Однако Герман не бездумно восторгался всеми подряд обнаженными, а имел на редкость рафинированные и эстетически строго обусловленные симпатии и антипатии. Так, например, он на дух не переносил обнаженных кисти Ботичелли или, скажем, Модильяни и давал им самые уничижительные, а подчас и некорректные характеристики. Причем по некоторым не слишком завуалированным намекам можно было догадаться, что эти произведения вызывают у него неприятные и приземленные ассоциации с его супругой. Зато Герман просто благоговел перед творениями Рубенса, Ренуара или, к примеру, Кустодиева, а «Русская Венера» или «Красавица» последнего приводили его в такое исступленное и экстатическое состояние, что я всякий раз опасался за его душевное здоровье.
К сожалению, мои опасения были не напрасными. Герман кончил плохо, как многие из тех, кто познал испепеляющую страсть к искусству. Однажды в серый осенний денек он где-то за штабелями книг разделся догола и, прихватив с собой огромный альбом «Уфицци» из роскошной итальянской серии «Музеи мира», вышел на улицу и до тех пор расхаживал взад-вперед под мелким октябрьским дождиком, углубясь в созерцание шедевров флорентийской картинной галереи, пока за ним не приехали. Такая вот грустная история.

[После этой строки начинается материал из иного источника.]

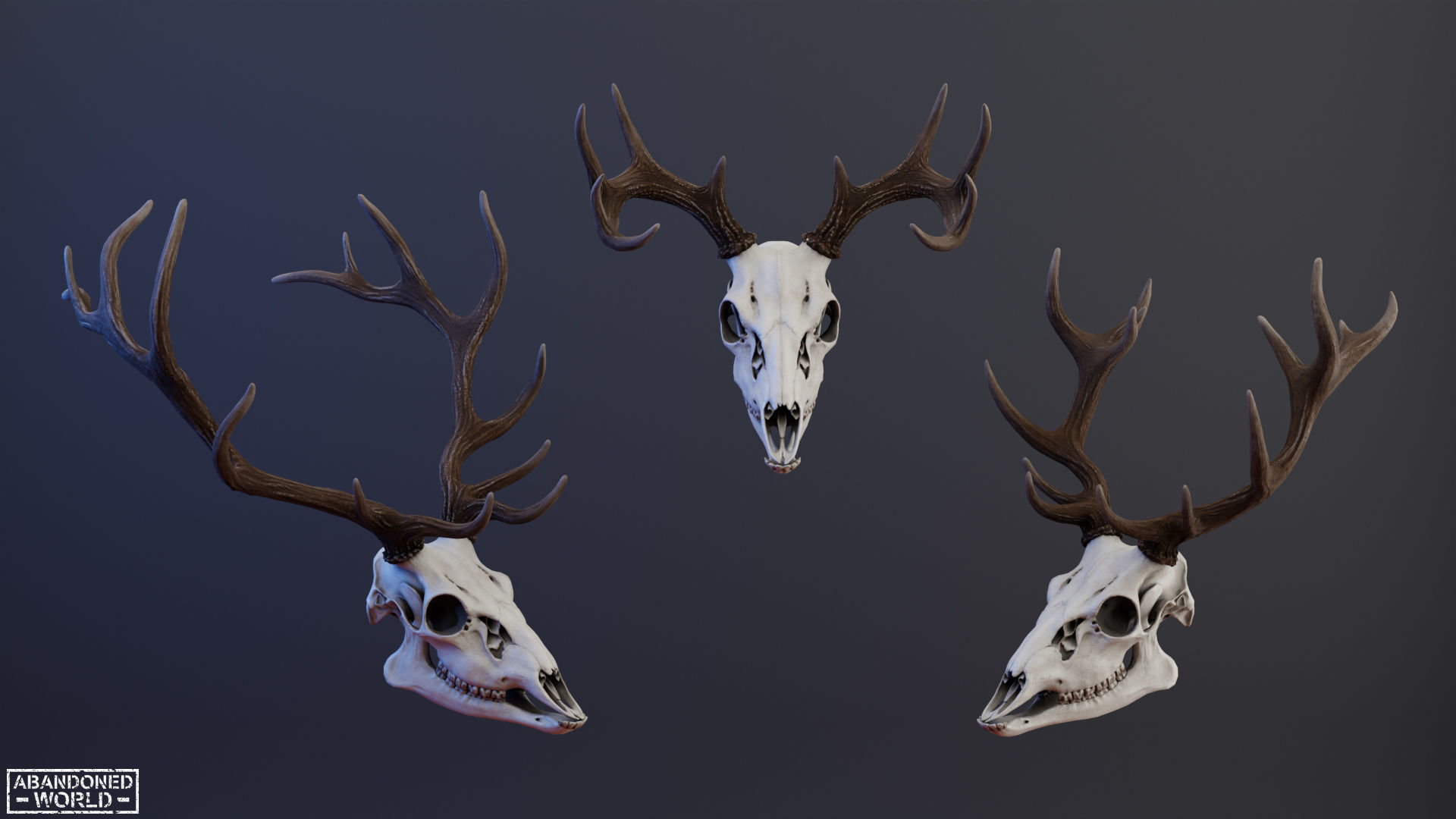 Deer Skull Low-poly 3D model_12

Вообще должен заметить, что связь тяжелого физического труда с искусством гораздо глубже, чем может показаться на первый взгляд. И если в моем повествовании она носит несколько поверхностный и чисто фабульный характер, то это только потому, что мне никогда не хватало смелости и полета мысли для капитальных выводов и обобщений. Да и, честно говоря, непритязательная эмпирика мне всегда была как-то ближе, чем громоздкие умозрительные построения. Когда я начинаю пускаться в различные рассуждения и аналогии, у меня все это выходит немного плоско. Ведь если, например, я скажу, что даже разовая, не говоря уже о систематической, переноска тяжестей как акт внутреннего самоотрицания сродни творческому акту, то это же надо чем-то аргументировать. Ну, допустим, можно как-то метафоризировать преодоление человеком в момент подъема груза силы земного притяжения и дать этому какое-нибудь спиритуальное истолкование. Но что же из этого следует? Ровным счетом ничего. Или, скажем, процесс упомянутой переноски можно при желании представить как некий источник медитации. Но, по моему глубокому убеждению, медитативное состояние есть состояние, противоположное творческому или даже враждебное ему. Что тогда? Надо высасывать из пальца что-то еще, а это, ей-богу, мне трудно дается. Так что лучше ограничимся чисто фабульными сопоставлениями.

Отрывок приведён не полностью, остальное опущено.